Activity
Only the lines from the beginning of the material below through the line with "这5种水，都不建议喝，竟然包括饮水机里的水…… - 4" should be retyped exactly, and pictures are to be skipped.
── Input data ──
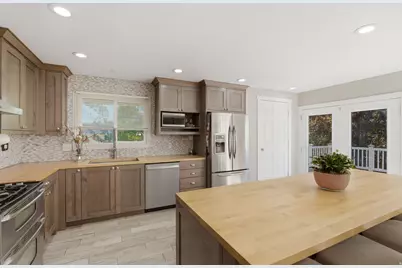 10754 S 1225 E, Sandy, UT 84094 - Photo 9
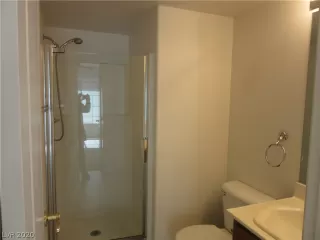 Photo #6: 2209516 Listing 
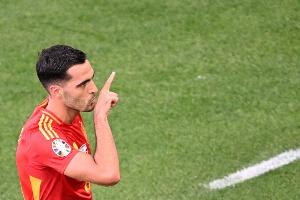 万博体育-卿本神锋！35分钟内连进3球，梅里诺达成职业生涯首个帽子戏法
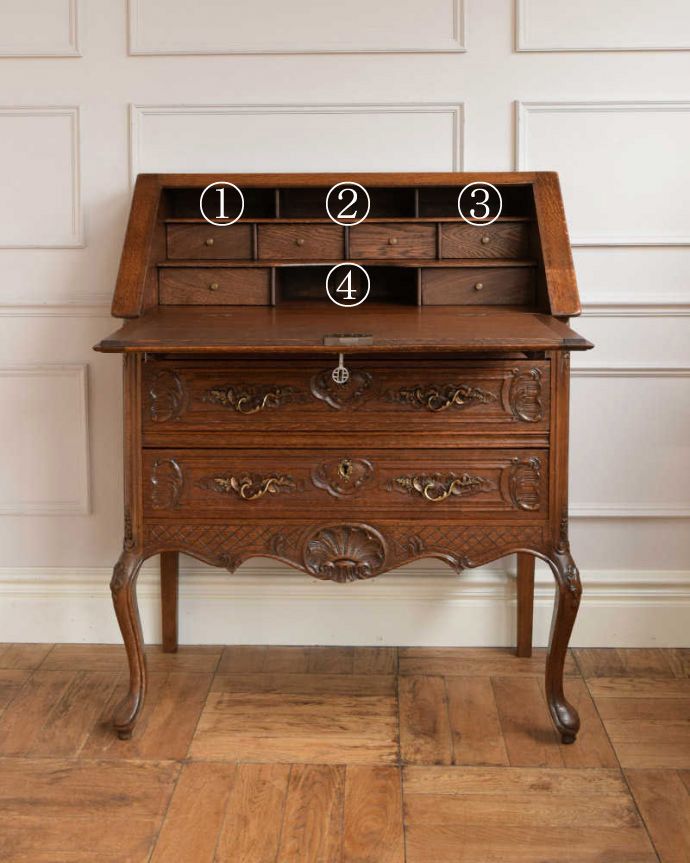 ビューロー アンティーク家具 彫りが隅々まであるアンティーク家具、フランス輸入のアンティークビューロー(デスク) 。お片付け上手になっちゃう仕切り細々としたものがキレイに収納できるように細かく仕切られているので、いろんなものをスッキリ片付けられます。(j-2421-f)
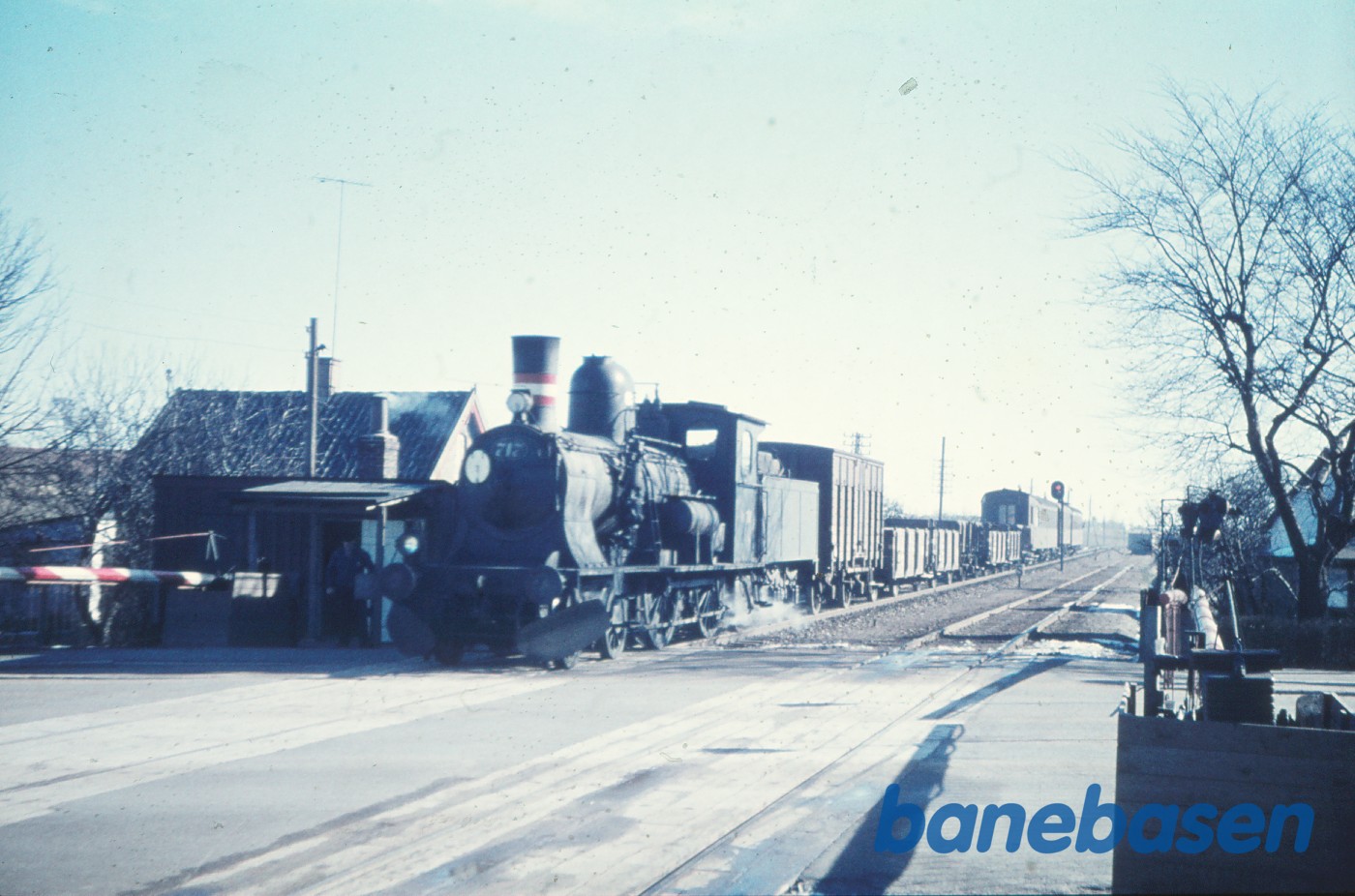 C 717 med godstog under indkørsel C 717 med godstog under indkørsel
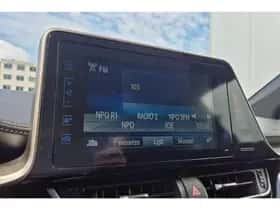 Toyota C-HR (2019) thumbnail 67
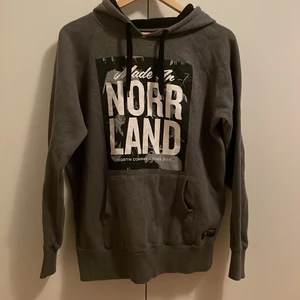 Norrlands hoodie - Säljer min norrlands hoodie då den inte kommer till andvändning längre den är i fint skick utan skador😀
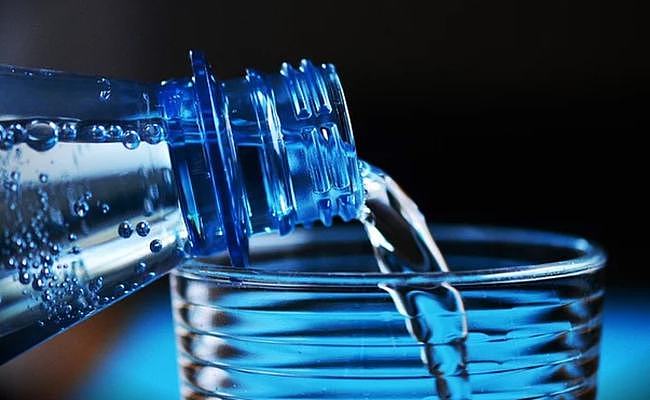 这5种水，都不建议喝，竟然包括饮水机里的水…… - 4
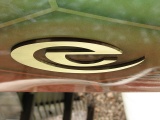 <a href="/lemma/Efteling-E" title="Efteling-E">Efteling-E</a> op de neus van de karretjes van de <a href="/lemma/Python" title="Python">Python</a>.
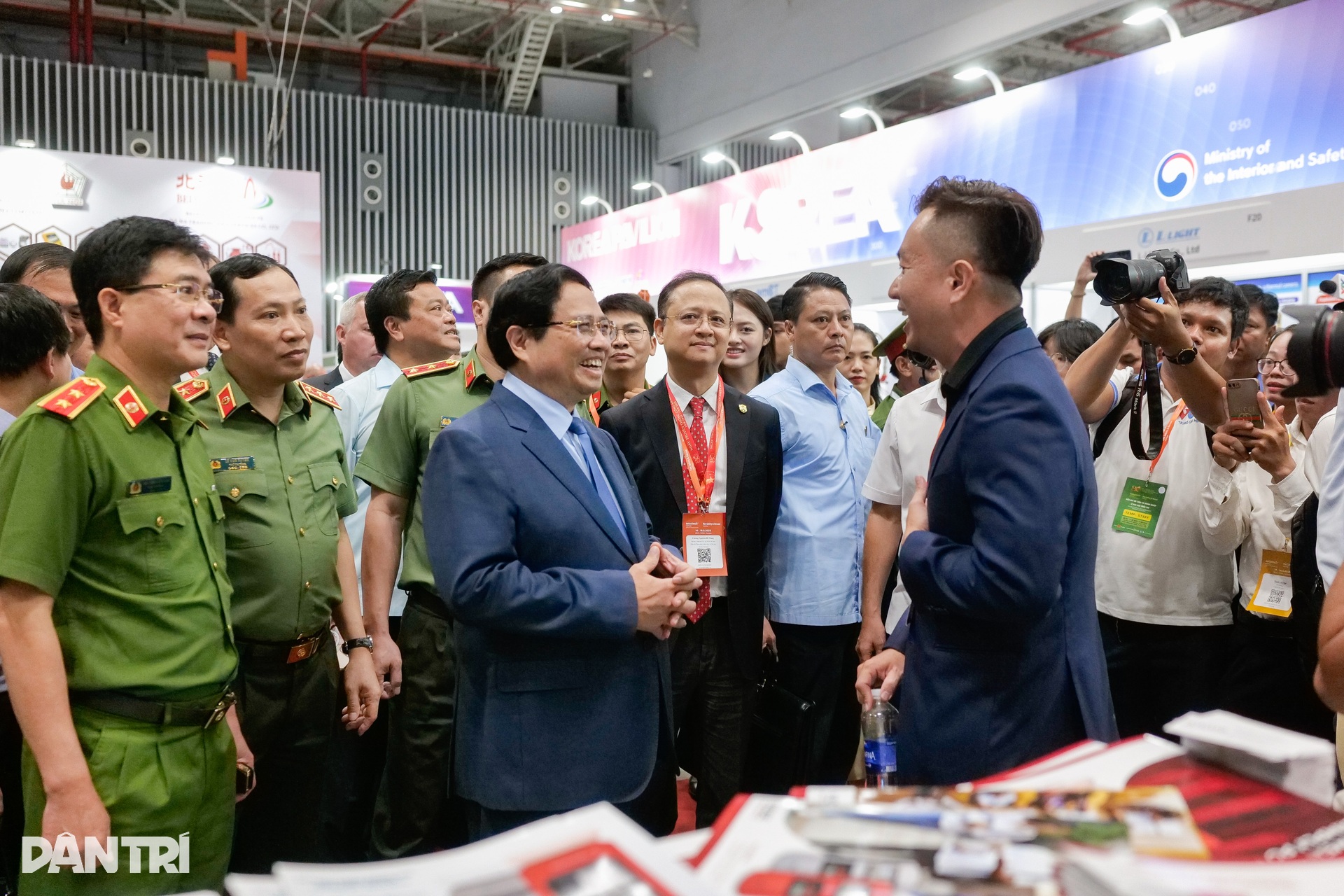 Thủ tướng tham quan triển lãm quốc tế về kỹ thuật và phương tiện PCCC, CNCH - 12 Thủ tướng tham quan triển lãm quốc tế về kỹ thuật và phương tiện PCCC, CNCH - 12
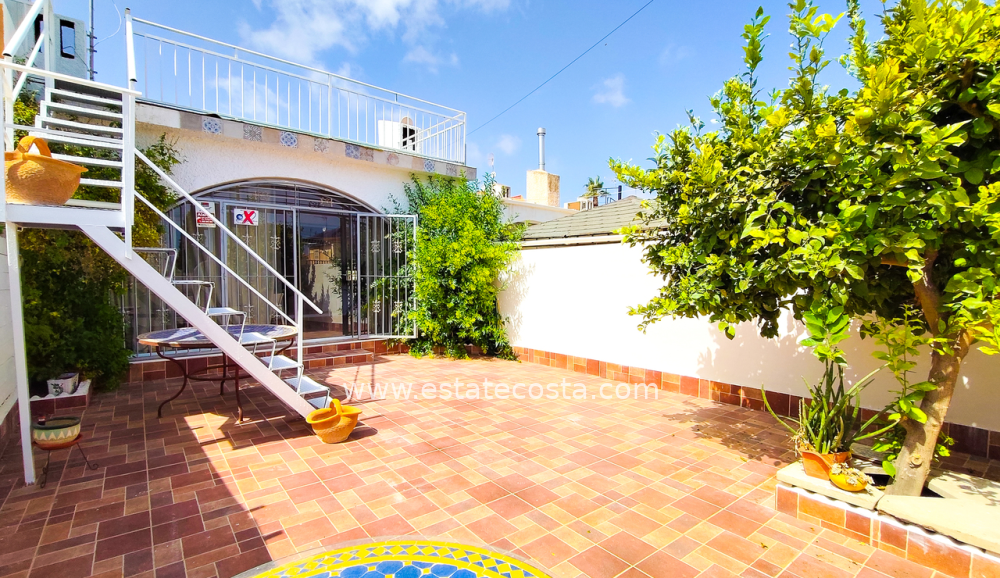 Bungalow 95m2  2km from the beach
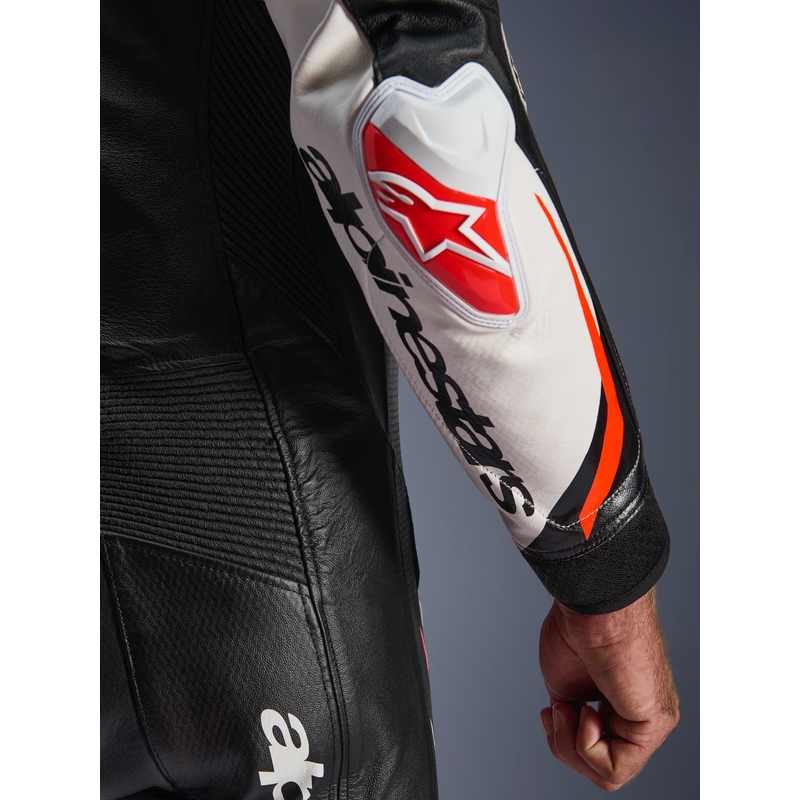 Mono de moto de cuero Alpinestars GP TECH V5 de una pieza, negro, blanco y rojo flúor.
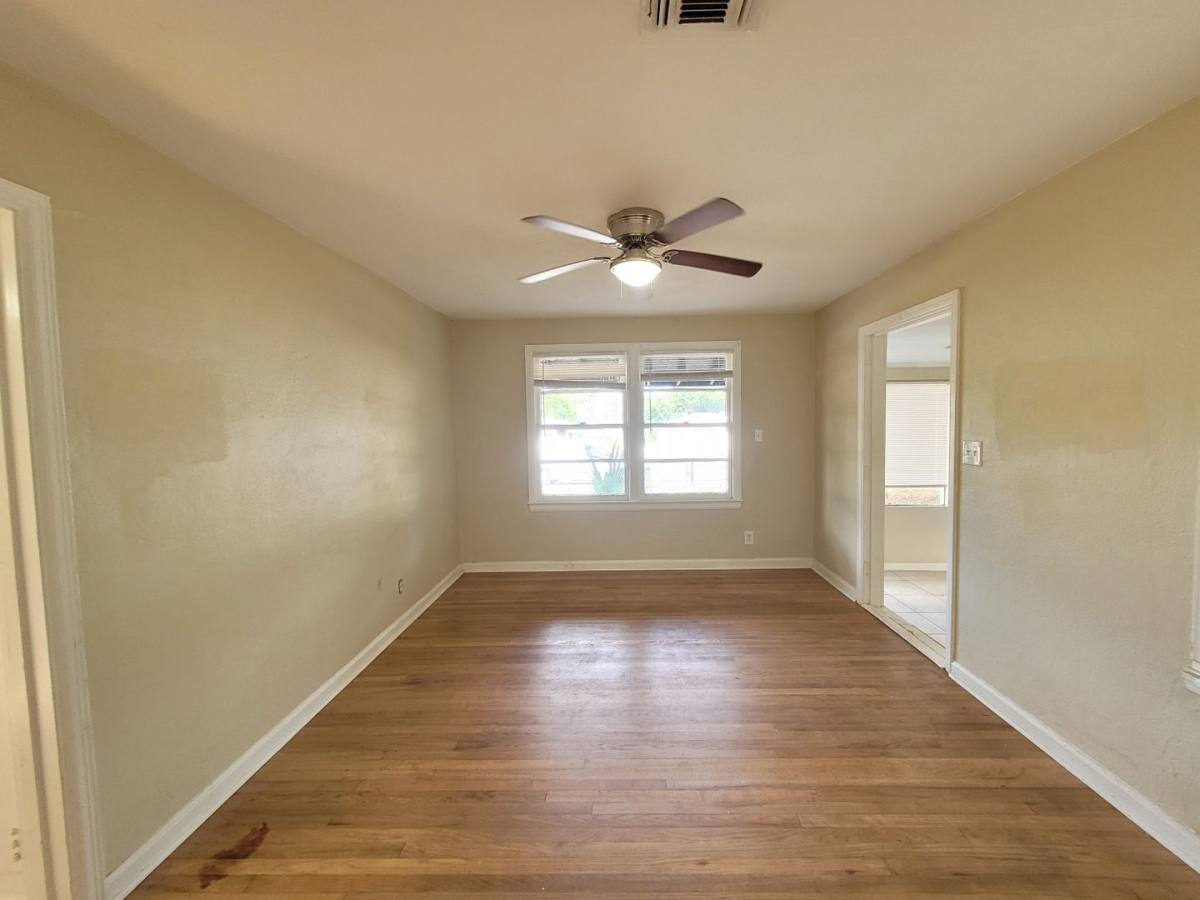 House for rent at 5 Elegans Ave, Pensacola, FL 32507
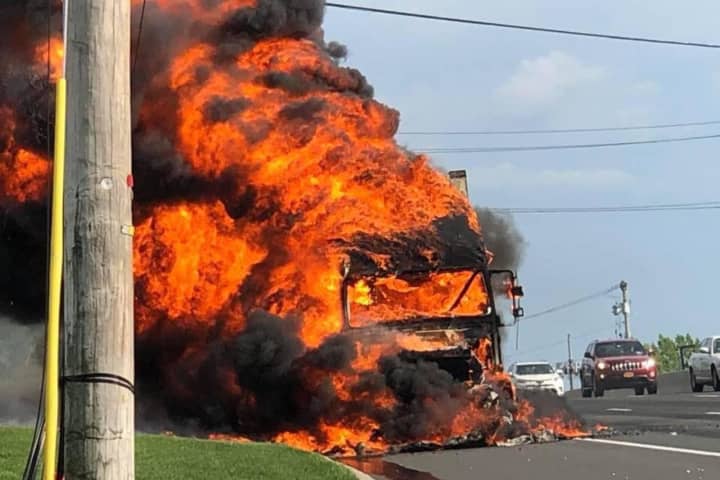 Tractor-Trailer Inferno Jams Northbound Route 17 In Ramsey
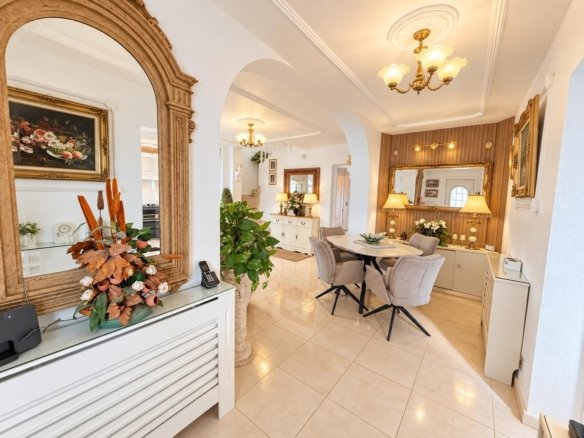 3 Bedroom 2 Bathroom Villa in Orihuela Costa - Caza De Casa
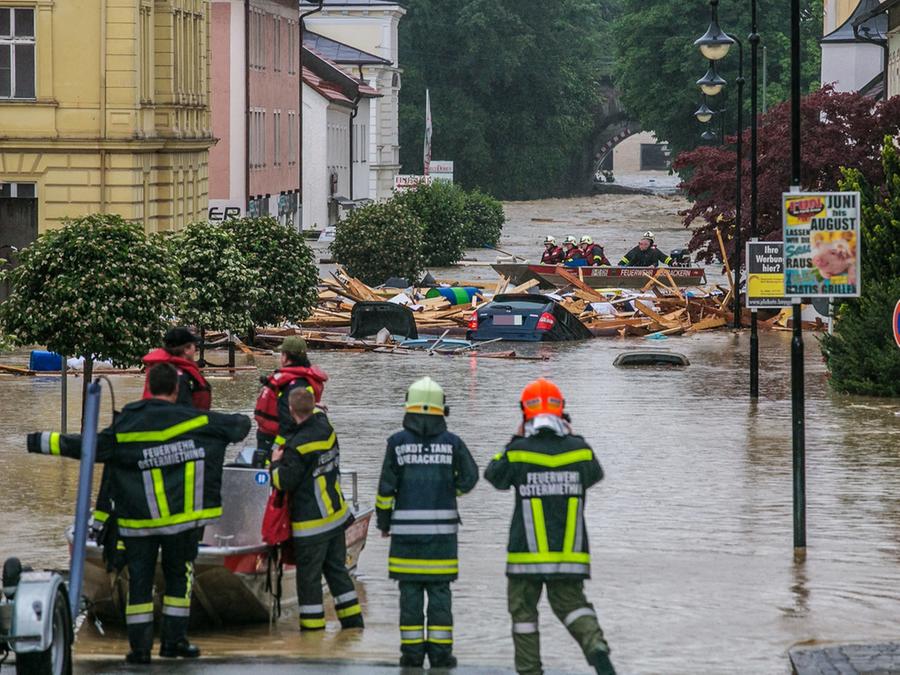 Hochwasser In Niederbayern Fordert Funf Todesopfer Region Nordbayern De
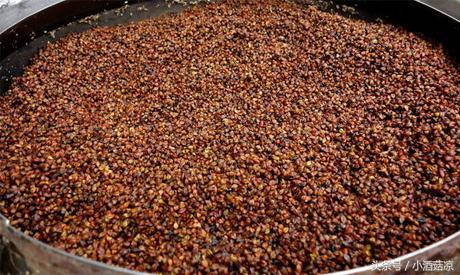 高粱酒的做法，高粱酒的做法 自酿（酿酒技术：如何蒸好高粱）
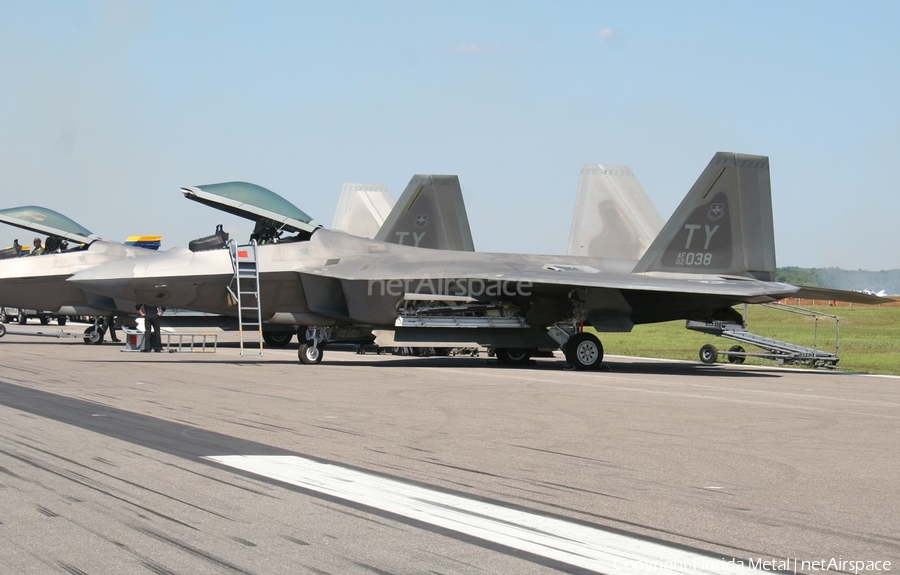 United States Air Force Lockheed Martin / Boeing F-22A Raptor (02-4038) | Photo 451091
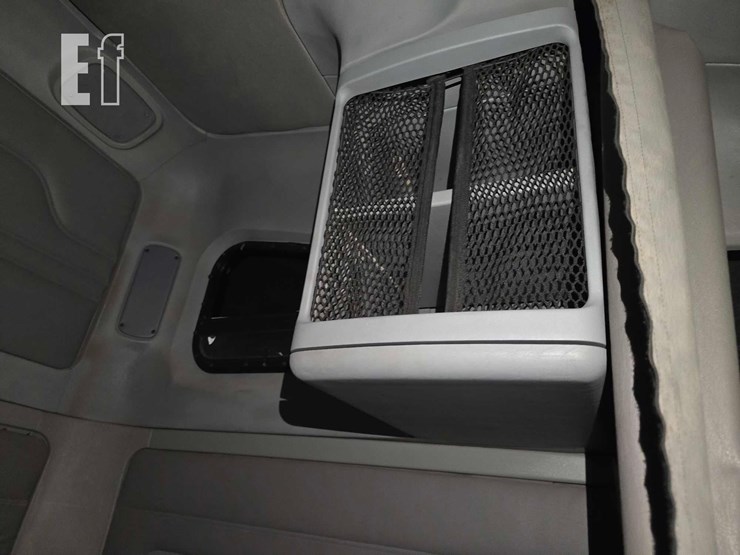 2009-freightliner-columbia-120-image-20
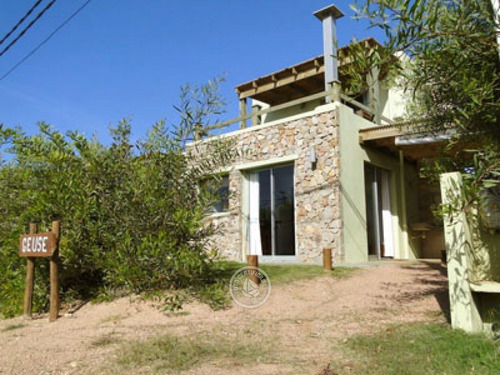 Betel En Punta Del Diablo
───
Finished task
 10754 S 1225 E, Sandy, UT 84094 - Photo 9
 Photo #6: 2209516 Listing 
 万博体育-卿本神锋！35分钟内连进3球，梅里诺达成职业生涯首个帽子戏法
 ビューロー アンティーク家具 彫りが隅々まであるアンティーク家具、フランス輸入のアンティークビューロー(デスク) 。お片付け上手になっちゃう仕切り細々としたものがキレイに収納できるように細かく仕切られているので、いろんなものをスッキリ片付けられます。(j-2421-f)
 C 717 med godstog under indkørsel C 717 med godstog under indkørsel
 Toyota C-HR (2019) thumbnail 67
 Norrlands hoodie - Säljer min norrlands hoodie då den inte kommer till andvändning längre den är i fint skick utan skador😀
 这5种水，都不建议喝，竟然包括饮水机里的水…… - 4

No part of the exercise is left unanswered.